Je n’ai vu qu’une vingtaine de minutes – chevauchement de concerts –, mais personne ne s’est ennuyé.

L’Omerta de Michel Cusson

Vous êtes un inconditionnel de la télésérie District 31? Dites-vous que durant les années 1990, District 31 avait pour nom Omerta. Une première création majeure de Luc Dionne, d’ailleurs.

C’est la musique entendue et inspirée par cette série télé culte que le guitariste Michel Cusson est venu présenter au parterre symphonique. Dès les premières mesures, les festivaliers ont reconnu le thème de la série qui repose sur une musique planante, une guitare pénétrante et une trompette à la Miles Davis.

J’ai l’impression que ça fait mille ans que je n’ai pas vu du monde, a lancé Michel Cusson après cette mise en bouche, en expliquant qu’il allait proposer avec Oliver Vanasse (contrebasse), Dan Thouin (claviers), Benoit Glazer (trompette) et son vieux pote d’Uzeb, Paul Brochu (batterie), une sélection parmi les 19 heures de musique composée.

Musique remuante d’inspiration funk, compositions tellement cinématographiques que l’on revoyait presque des scènes classiques avec Michel Côté et Romano Orzari, l’expérience fut concluante.

Les 25 ans du François Bourassa Quartet

En début de soirée sur la place des Festivals, François Bourassa soulignait 25 ans de carrière de son quartette.
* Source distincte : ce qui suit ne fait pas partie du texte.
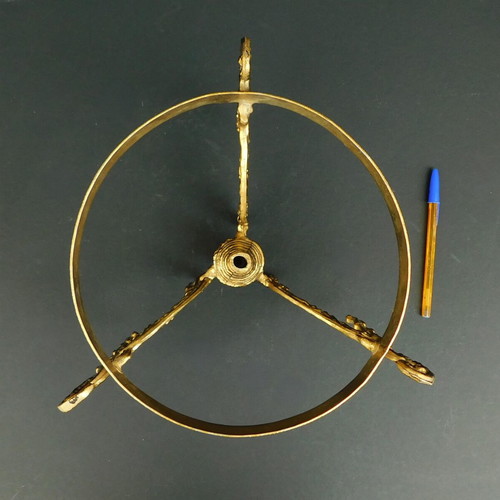 Embossed metal lamp part wreath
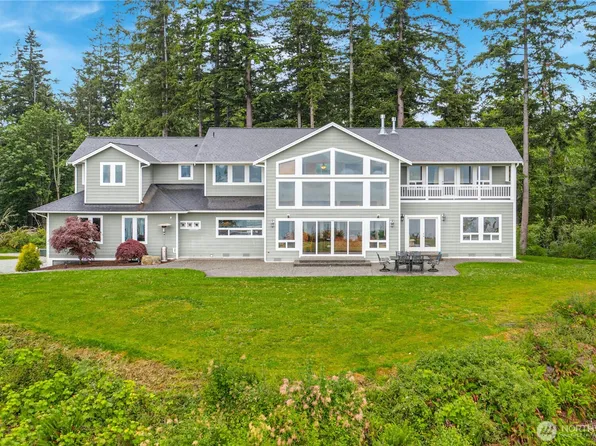 4075 Preserve Drive, Camano Island, WA 98282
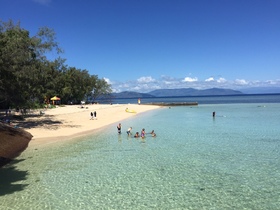 スノーケリングのみでのんびりグリーン島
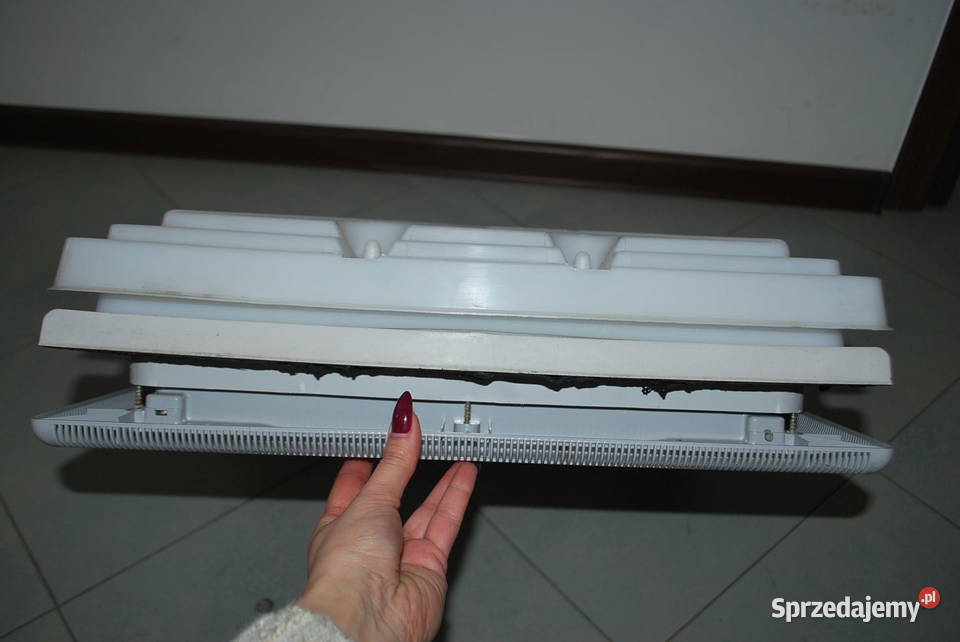 OKNO DACHOWESZYBERDACH 40x40 DO KAMPERAKEMPINGU Grzebowilk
D’entrée de jeu, le pianiste et ses collègues ont donné le ton de la prestation de plus de 45 minutes avec une composition nommée 15, Notre-Dame de Lorette, a précisé le leader.

Entrée en matière sous forme de dialogue piano-saxophone (André Leroux) pour enchaîner avec le même genre de discours, mais cette fois entre le piano et la contrebasse (Guy Boisvert) avant que tout s’entrechoque, façon Bourassa, bien sûr.

Remous, à l’inverse, était nettement plus marquée par les ruptures que la continuité avec des changements de ton parfois brusques. Enchaînement avec une nouvelle composition où Leroux y allait d’élans avec sa flûte traversière. Amorcée en douceur, elle s’est rapidement transformée en l’une des compositions les plus aventureuses entendues sur une scène extérieure du FIJM depuis belle lurette.

En clôture, Le Blues masqué a démontré que Bourassa, même 25 ans plus tard, ne s’assoit jamais sur ses lauriers.